**** The input
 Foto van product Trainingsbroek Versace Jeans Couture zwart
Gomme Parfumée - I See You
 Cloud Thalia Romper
********
**** The input
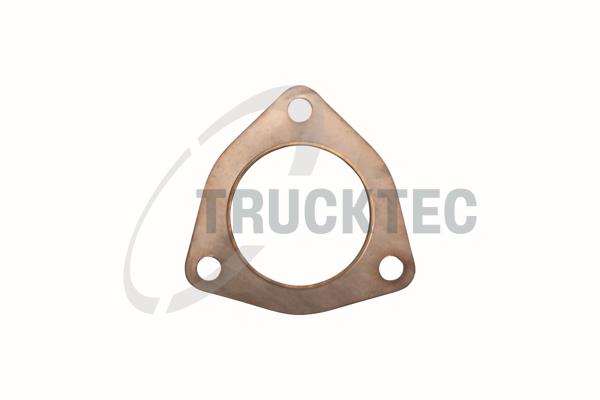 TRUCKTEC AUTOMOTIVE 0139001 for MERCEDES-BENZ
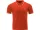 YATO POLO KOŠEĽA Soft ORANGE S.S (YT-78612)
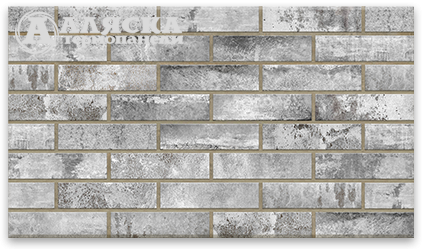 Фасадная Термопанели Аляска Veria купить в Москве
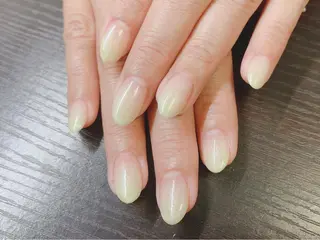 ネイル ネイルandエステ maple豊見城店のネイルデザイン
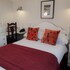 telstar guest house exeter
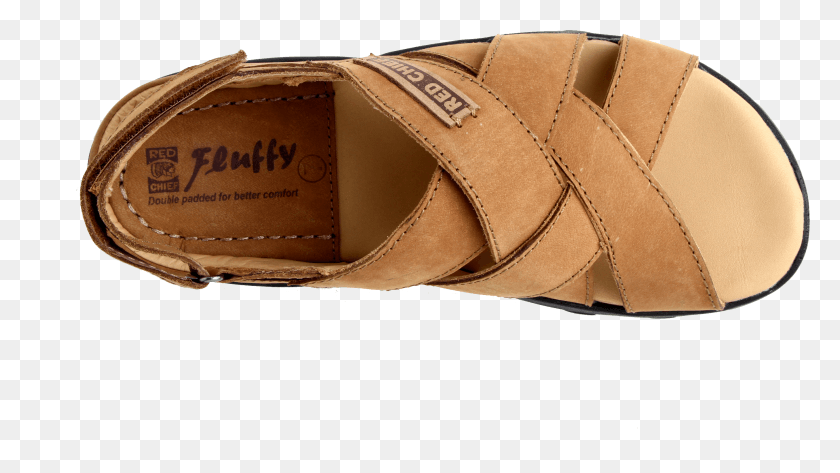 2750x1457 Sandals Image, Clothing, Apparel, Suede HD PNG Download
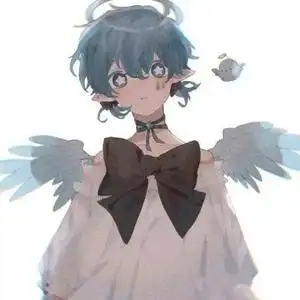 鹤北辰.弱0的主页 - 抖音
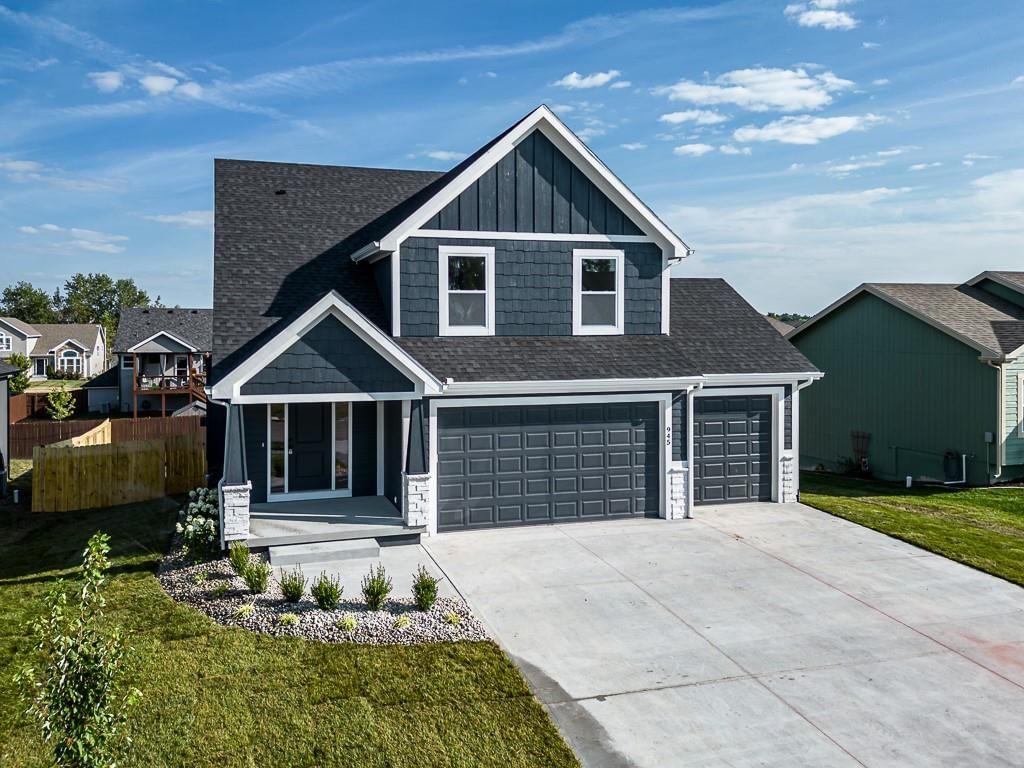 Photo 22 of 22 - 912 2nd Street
********
**** The input
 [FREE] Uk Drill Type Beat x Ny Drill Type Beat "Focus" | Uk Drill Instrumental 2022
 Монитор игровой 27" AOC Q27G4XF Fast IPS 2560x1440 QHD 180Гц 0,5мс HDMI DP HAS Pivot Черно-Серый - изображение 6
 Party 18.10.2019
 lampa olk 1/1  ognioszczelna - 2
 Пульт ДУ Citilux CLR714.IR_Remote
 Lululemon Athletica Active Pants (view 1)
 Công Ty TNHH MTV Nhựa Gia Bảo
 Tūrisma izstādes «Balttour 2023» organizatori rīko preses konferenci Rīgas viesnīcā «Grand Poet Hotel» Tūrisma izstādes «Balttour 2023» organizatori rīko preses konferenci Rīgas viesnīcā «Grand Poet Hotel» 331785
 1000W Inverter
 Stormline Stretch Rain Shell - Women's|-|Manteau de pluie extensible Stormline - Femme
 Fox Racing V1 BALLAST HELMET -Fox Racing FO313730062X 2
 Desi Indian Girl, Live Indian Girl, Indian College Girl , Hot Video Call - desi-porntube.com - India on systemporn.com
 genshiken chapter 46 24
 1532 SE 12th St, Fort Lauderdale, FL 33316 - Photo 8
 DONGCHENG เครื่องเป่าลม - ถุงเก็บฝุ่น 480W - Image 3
********
Set the pictures aside and transcribe exactly the stretch of lines above, beginning with the one holding "telstar guest house exeter" and ending with the one holding "Photo 22 of 22 - 912 2nd Street".

 telstar guest house exeter
 2750x1457 Sandals Image, Clothing, Apparel, Suede HD PNG Download
 鹤北辰.弱0的主页 - 抖音
 Photo 22 of 22 - 912 2nd Street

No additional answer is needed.